Print the full listing once more, exactly as given.

BEGIN

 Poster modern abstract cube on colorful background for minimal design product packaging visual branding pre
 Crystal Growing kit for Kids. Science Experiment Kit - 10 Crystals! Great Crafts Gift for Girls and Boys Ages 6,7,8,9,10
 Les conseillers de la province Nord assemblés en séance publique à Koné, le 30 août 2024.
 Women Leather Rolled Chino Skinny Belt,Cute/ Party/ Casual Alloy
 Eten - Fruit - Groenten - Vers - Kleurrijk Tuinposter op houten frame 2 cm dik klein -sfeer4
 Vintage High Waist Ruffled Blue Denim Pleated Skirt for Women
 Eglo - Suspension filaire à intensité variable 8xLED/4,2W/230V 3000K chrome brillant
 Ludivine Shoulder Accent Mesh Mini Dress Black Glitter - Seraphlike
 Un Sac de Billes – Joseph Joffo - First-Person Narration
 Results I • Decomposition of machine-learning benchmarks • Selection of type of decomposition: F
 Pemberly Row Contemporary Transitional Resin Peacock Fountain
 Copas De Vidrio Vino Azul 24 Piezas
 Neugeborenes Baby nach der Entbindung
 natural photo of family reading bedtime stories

END

=== REPLY ===
 Poster modern abstract cube on colorful background for minimal design product packaging visual branding pre
 Crystal Growing kit for Kids. Science Experiment Kit - 10 Crystals! Great Crafts Gift for Girls and Boys Ages 6,7,8,9,10
 Les conseillers de la province Nord assemblés en séance publique à Koné, le 30 août 2024.
 Women Leather Rolled Chino Skinny Belt,Cute/ Party/ Casual Alloy
 Eten - Fruit - Groenten - Vers - Kleurrijk Tuinposter op houten frame 2 cm dik klein -sfeer4
 Vintage High Waist Ruffled Blue Denim Pleated Skirt for Women
 Eglo - Suspension filaire à intensité variable 8xLED/4,2W/230V 3000K chrome brillant
 Ludivine Shoulder Accent Mesh Mini Dress Black Glitter - Seraphlike
 Un Sac de Billes – Joseph Joffo - First-Person Narration
 Results I • Decomposition of machine-learning benchmarks • Selection of type of decomposition: F
 Pemberly Row Contemporary Transitional Resin Peacock Fountain
 Copas De Vidrio Vino Azul 24 Piezas
 Neugeborenes Baby nach der Entbindung
 natural photo of family reading bedtime stories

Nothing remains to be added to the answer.